Russia's Central Aerohydrodynamics Institute (TsAGI) has turned to a second Irkut MS-21 wing-box to continue tests after the first example developed cracks under loading earlier this year.
TsAGI is contracted to do the wing testing and approval work by AeroComposite, which is itself contracted by Irkut and its parent company United Aircraft. AeroComposite will be supplying wings and other large composite structures for the MS-21 and Superjet 130 New Generation.
"The wing cracked in an expected zone when excessive loading was applied," said TsAGI. This initial specimen had been intended for technology mastering, checking design solutions and conducting tests for structural integrity and strength.
Testing began last summer, after the first wing box was manufactured by AeroComposite in cooperation with FACC of Austria.

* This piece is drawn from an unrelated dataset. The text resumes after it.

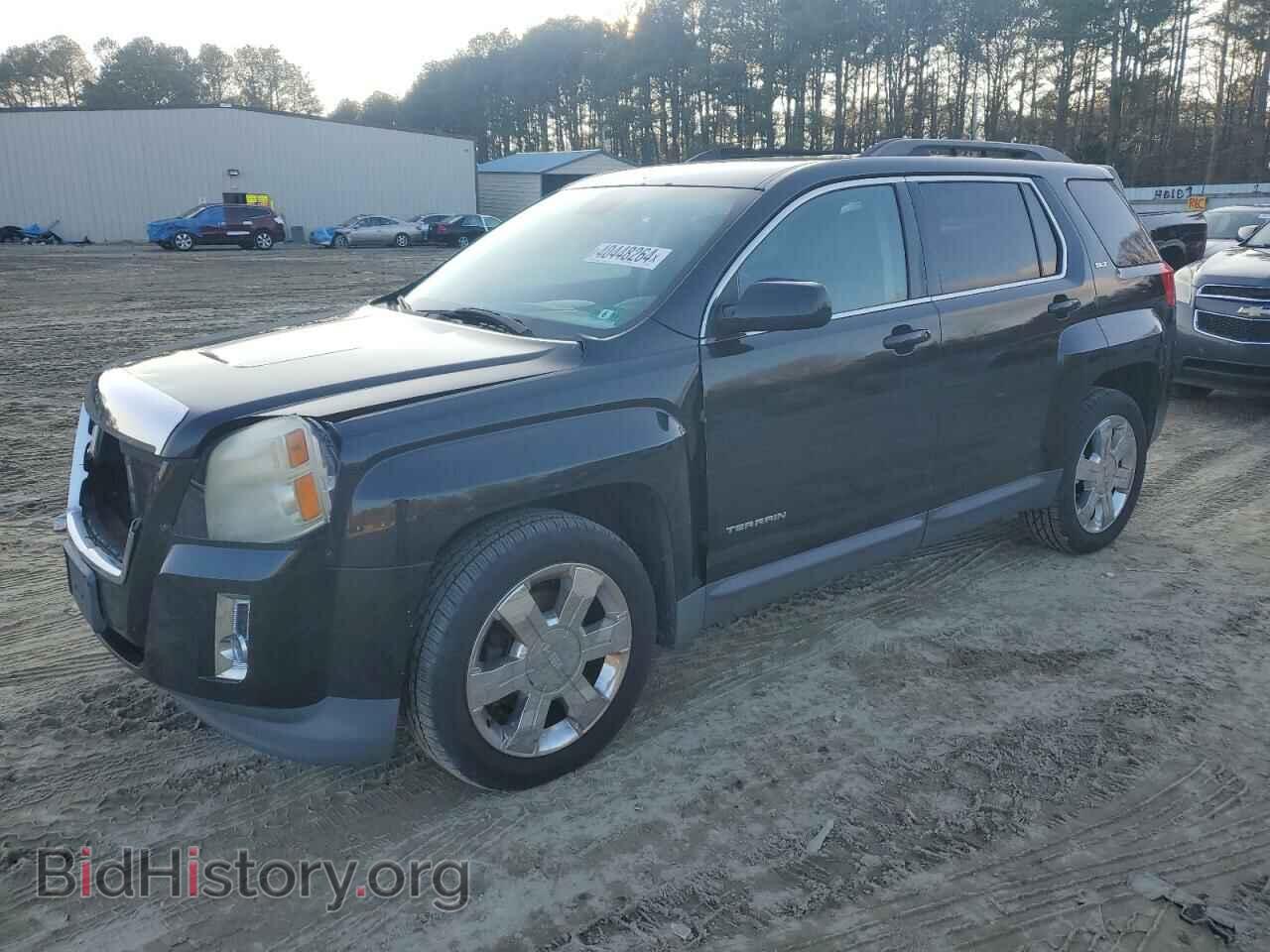 Photo 2GKFLVE57C6376830 - GMC TERRAIN 2012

Initial MS-21 specimens measure 10.2m x 2.9m x 2.05m and are manufactured from carbonfibre reinforced plastic, by means of vacuum infusion. Irkut chose this untried technology in 2010, gambling on lower manufacturing expenses by not using large autoclaves.
Tests and measurements conducted on the first wing-box helped determine the wing's ultimate strengths. TsAGI also carried out frequency and stiffness tests on the cracked wing-box specimen, and researched possible effects from typical airline operations.
TsAGI said the first round of wing-box testing helped collect necessary data on modern composite structures for next generation commercial airliners as part of TsAGI's multi-tiered effort on creation of "a comprehensive data base on composite [airframe] parts".